▶ Data under study:
'''
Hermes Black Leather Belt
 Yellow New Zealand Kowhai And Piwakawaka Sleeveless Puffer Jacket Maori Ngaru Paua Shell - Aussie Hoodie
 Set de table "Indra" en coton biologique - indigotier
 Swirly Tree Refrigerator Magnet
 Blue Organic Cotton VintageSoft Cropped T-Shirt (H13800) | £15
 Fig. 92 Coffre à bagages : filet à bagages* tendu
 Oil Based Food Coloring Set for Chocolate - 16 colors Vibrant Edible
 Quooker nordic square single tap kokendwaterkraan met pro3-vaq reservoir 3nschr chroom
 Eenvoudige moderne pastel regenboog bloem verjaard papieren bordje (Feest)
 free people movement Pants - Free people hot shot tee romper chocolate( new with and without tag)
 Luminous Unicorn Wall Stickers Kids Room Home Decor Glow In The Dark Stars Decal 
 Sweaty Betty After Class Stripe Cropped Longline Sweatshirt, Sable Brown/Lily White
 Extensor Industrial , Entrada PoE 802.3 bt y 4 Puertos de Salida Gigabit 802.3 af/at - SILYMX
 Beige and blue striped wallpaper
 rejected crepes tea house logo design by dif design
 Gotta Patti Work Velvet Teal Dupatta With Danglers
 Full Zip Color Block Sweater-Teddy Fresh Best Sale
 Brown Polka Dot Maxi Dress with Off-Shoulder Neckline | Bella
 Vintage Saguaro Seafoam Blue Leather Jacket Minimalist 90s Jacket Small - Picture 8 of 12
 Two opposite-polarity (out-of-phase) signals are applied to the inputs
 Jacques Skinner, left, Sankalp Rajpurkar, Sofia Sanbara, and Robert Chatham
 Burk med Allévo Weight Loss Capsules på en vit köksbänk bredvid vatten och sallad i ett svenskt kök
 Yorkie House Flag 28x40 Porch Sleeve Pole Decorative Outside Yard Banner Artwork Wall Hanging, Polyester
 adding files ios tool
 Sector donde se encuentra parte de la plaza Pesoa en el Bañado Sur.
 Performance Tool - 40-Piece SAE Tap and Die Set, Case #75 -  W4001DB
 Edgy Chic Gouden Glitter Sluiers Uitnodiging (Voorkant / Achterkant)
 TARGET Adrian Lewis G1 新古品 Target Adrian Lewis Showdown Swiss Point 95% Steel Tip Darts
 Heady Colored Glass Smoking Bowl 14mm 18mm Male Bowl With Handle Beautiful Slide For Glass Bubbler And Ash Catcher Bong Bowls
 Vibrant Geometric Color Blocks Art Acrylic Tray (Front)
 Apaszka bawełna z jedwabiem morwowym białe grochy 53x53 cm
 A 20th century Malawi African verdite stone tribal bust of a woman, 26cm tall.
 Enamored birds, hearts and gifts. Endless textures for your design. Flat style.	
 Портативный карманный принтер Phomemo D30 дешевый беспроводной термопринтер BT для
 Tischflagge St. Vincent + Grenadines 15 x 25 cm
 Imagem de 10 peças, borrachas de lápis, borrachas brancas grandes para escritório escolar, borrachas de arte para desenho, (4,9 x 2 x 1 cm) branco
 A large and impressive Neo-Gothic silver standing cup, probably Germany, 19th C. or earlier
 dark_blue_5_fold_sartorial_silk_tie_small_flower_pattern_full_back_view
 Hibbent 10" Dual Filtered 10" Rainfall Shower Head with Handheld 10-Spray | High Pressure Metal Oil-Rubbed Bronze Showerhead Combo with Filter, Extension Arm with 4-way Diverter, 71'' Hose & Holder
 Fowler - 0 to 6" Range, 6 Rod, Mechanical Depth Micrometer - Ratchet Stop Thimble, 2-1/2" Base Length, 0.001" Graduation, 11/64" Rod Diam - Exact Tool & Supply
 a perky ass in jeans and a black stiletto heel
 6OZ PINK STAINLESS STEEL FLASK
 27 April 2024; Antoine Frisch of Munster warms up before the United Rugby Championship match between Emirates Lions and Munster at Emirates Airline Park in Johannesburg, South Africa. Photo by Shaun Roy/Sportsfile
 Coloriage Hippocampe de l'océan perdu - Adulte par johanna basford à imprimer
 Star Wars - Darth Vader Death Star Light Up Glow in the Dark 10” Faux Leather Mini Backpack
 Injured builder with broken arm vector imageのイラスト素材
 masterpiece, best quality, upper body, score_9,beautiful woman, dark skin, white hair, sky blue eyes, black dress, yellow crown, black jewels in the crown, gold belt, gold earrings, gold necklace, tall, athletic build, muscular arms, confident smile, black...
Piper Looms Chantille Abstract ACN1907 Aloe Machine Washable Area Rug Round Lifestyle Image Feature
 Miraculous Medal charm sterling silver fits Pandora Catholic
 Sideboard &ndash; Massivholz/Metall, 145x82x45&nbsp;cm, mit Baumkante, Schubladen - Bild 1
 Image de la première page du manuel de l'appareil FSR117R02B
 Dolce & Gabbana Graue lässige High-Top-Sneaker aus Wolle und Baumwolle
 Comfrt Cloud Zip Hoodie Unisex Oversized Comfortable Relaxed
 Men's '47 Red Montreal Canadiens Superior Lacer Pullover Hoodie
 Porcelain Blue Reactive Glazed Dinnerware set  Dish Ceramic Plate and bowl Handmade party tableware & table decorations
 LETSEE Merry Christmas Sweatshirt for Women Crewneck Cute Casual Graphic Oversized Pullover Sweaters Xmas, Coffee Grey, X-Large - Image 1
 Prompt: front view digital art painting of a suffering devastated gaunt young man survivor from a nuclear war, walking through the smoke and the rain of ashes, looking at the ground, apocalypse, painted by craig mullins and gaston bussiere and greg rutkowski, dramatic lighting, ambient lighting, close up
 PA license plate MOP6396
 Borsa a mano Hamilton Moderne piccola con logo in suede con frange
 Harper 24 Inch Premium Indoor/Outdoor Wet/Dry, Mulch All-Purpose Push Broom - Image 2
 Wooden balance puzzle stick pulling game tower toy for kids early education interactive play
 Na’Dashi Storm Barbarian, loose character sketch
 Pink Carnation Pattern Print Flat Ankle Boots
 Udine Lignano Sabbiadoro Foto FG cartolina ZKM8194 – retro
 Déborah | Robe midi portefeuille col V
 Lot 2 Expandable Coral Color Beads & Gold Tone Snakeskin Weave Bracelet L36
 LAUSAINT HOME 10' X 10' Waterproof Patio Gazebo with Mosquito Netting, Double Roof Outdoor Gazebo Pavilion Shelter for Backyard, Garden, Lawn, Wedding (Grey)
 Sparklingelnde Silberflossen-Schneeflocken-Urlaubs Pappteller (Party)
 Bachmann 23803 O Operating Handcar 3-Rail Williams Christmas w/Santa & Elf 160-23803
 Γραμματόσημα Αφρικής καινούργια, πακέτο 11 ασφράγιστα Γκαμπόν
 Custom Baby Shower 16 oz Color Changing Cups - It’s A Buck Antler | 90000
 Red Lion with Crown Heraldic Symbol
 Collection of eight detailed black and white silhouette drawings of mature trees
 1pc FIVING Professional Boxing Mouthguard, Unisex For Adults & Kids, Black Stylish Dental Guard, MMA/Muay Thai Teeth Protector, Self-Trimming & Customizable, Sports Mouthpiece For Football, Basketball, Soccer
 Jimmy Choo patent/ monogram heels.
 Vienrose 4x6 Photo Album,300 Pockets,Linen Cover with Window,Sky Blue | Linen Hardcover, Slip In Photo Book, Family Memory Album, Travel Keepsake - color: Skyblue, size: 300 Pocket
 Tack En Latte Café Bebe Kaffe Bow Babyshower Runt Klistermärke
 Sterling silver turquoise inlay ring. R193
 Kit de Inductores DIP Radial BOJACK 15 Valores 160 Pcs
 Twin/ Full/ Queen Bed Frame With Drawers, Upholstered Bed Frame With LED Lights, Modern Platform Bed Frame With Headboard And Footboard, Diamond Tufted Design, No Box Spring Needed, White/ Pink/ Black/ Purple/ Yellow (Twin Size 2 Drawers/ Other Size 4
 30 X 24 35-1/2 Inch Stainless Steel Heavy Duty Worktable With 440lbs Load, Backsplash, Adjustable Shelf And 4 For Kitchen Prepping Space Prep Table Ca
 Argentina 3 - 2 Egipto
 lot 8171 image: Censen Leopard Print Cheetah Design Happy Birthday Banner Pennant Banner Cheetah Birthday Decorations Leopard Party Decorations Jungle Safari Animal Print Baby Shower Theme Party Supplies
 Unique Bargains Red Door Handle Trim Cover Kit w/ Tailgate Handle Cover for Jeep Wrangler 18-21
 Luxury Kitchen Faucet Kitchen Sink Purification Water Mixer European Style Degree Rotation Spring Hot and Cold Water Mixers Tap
'''
▶ What you have to do: Give the number of lines that hold the word "Flat" in these records, with nothing added.

▶ Your solution: 2